Tentative presentation schedule

Last time…

NSFG repondent age by religion figure

Today

  • Introduction to Python
  • Work session
    • DataCamp
    • Exercise 06
    • Final projects

Introduction to Python

Why learn Python?

  • It’s fun
  • It’s free
  • Amaze your friends; dazzle your rivals
  • Powerful tool
  • It will make you a more productive researcher
  • Practical job-related skill
  • More popular than R!

Why should psychologists learn Python?

  • Make experiments using Psychopy
  • Gather, clean, visualize your data using matplotlib, Seaborn, etc.
  • Reproducible == robust, easy to share with others

Console

R

license()

This software is distributed under the terms of the GNU General
Public License, either Version 2, June 1991 or Version 3, June 2007.
The terms of version 2 of the license are in a file called COPYING
which you should have received with
this software and which can be displayed by RShowDoc("COPYING").
Version 3 of the license can be displayed by RShowDoc("GPL-3").

Copies of both versions 2 and 3 of the license can be found
at https://www.R-project.org/Licenses/.

A small number of files (the API header files listed in
R_DOC_DIR/COPYRIGHTS) are distributed under the
LESSER GNU GENERAL PUBLIC LICENSE, version 2.1 or later.
This can be displayed by RShowDoc("LGPL-2.1"),
or obtained at the URI given.
Version 3 of the license can be displayed by RShowDoc("LGPL-3").

'Share and Enjoy.'

Python

license
See https://www.python.org/psf/license/

Reminder

Painful lesson #1

Computers are super-literal.

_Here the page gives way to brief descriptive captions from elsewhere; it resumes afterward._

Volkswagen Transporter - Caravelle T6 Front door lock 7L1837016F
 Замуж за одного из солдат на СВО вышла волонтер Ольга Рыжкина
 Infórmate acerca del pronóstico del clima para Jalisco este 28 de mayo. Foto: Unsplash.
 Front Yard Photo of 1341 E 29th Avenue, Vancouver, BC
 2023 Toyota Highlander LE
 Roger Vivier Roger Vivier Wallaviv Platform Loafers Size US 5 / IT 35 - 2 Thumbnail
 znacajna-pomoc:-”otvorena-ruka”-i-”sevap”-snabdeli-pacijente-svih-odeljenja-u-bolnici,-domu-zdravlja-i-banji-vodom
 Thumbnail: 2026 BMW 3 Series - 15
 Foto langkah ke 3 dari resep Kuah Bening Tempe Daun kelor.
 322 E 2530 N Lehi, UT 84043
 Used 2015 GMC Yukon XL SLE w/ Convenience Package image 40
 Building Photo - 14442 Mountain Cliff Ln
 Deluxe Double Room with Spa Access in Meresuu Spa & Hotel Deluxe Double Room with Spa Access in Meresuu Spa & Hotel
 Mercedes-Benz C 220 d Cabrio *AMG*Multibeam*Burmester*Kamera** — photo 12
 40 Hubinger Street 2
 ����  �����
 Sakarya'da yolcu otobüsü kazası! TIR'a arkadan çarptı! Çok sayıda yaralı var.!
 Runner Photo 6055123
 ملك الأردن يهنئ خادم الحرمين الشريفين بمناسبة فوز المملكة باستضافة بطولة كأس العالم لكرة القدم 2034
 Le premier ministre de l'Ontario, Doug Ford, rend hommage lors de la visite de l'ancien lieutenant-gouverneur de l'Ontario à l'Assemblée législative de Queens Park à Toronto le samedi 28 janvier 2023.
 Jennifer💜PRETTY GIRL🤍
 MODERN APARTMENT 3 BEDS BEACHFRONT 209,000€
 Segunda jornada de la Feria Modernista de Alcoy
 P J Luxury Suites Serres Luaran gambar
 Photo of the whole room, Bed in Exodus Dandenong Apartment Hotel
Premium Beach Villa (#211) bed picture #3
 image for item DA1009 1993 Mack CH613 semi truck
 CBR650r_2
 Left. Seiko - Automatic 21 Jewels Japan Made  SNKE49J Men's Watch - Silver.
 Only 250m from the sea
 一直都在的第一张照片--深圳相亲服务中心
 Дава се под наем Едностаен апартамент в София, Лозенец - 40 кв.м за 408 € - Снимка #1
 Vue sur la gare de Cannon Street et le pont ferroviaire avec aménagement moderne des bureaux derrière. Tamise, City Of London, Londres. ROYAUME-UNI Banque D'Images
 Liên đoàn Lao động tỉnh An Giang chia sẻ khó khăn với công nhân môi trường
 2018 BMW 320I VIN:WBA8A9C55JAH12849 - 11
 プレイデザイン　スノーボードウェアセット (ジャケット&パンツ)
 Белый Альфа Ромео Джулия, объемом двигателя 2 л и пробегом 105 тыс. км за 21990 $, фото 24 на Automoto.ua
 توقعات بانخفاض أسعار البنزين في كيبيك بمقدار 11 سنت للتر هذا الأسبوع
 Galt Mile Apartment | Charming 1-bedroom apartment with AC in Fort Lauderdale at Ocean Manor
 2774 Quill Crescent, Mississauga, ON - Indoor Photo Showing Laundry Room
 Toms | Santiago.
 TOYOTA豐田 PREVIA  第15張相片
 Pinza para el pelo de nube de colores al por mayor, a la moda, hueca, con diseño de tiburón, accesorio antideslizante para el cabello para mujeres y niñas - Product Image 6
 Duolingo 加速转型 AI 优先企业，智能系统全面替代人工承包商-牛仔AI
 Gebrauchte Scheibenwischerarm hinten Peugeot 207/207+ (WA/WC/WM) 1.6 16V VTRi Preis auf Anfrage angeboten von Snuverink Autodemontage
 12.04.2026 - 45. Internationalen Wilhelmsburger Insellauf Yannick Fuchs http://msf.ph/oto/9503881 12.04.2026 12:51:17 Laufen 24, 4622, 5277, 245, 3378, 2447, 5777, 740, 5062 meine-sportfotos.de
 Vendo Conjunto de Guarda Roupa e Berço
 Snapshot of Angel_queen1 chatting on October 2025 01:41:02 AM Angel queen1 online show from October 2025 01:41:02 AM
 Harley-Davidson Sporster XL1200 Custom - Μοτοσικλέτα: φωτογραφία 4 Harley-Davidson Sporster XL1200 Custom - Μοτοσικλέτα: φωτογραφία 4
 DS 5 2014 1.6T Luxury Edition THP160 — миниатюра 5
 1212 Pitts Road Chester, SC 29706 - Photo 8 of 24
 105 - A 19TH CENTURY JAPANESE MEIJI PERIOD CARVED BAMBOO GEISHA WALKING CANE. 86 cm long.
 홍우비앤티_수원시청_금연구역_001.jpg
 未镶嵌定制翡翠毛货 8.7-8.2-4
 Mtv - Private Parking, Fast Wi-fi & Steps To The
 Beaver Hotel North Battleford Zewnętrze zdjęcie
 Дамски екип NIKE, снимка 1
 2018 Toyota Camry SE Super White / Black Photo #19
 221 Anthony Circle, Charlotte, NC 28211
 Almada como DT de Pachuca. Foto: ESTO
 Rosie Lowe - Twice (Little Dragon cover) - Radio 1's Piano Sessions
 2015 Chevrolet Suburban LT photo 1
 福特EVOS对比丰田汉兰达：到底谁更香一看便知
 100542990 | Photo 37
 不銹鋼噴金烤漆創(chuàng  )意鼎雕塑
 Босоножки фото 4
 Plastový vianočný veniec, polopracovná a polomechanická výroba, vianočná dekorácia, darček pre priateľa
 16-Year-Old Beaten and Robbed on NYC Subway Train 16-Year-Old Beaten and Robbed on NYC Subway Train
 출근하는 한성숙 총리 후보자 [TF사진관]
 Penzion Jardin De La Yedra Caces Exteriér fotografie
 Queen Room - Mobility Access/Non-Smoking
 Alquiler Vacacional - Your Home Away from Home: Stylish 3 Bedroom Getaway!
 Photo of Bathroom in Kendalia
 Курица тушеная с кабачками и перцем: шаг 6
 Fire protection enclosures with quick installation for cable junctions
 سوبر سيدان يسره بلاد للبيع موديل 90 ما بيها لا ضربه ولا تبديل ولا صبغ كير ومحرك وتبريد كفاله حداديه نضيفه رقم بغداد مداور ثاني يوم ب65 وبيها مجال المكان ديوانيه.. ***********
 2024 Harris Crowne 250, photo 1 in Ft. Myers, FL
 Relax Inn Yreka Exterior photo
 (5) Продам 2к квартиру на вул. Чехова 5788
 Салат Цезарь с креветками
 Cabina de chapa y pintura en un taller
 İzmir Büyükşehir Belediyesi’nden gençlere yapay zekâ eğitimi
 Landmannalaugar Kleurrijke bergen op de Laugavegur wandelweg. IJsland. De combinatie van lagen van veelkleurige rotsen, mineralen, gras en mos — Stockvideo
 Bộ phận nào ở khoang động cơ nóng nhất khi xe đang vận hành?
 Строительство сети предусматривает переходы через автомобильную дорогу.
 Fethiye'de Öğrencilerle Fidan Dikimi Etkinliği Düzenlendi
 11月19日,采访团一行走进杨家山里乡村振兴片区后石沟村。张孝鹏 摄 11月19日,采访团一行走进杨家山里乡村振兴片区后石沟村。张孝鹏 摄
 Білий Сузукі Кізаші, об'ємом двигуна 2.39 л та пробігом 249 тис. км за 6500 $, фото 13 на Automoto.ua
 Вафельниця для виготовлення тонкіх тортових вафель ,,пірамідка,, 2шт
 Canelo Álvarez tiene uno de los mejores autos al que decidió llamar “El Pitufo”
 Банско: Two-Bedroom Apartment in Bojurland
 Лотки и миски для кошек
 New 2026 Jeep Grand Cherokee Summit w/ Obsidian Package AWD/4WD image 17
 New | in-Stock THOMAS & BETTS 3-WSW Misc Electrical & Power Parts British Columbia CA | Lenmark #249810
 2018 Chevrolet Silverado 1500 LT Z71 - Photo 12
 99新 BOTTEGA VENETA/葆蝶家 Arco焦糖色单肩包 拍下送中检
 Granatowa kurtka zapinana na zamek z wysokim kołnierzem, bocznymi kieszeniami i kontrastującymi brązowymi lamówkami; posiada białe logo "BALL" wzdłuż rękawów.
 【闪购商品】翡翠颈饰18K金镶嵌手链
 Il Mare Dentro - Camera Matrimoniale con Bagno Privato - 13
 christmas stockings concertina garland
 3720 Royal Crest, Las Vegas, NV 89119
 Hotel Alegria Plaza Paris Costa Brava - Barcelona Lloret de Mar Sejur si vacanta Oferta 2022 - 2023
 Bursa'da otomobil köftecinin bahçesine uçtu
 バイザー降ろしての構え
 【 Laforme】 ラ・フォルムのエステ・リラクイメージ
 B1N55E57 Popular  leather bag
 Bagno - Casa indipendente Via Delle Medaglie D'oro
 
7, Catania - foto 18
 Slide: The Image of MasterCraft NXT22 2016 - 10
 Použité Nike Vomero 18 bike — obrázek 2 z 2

They are anally literal. More anally literal than any human being you’ve ever had to deal with.

You’re not going to change them. Being this anal is their superpower.

Just deal.

Simple math

R

x <- c(1, 4, 7)
sum(x)
[1] 12

Python

x = [1, 4, 7]
sum(x)
12

Getting help

R

help("sort")

Python

help("numpy.sort")
Help on _ArrayFunctionDispatcher in numpy:

numpy.sort = sort(a, axis=-1, kind=None, order=None, *, stable=None)
    Return a sorted copy of an array.

    Parameters
    ----------
    a : array_like
        Array to be sorted.
    axis : int or None, optional
        Axis along which to sort. If None, the array is flattened before
        sorting. The default is -1, which sorts along the last axis.
    kind : {'quicksort', 'mergesort', 'heapsort', 'stable'}, optional
        Sorting algorithm. The default is 'quicksort'. Note that both 'stable'
        and 'mergesort' use timsort or radix sort under the covers and,
        in general, the actual implementation will vary with data type.
        The 'mergesort' option is retained for backwards compatibility.
    order : str or list of str, optional
        When `a` is an array with fields defined, this argument specifies
        which fields to compare first, second, etc.  A single field can
        be specified as a string, and not all fields need be specified,
        but unspecified fields will still be used, in the order in which
        they come up in the dtype, to break ties.
    stable : bool, optional
        Sort stability. If ``True``, the returned array will maintain
        the relative order of ``a`` values which compare as equal.
        If ``False`` or ``None``, this is not guaranteed. Internally,
        this option selects ``kind='stable'``. Default: ``None``.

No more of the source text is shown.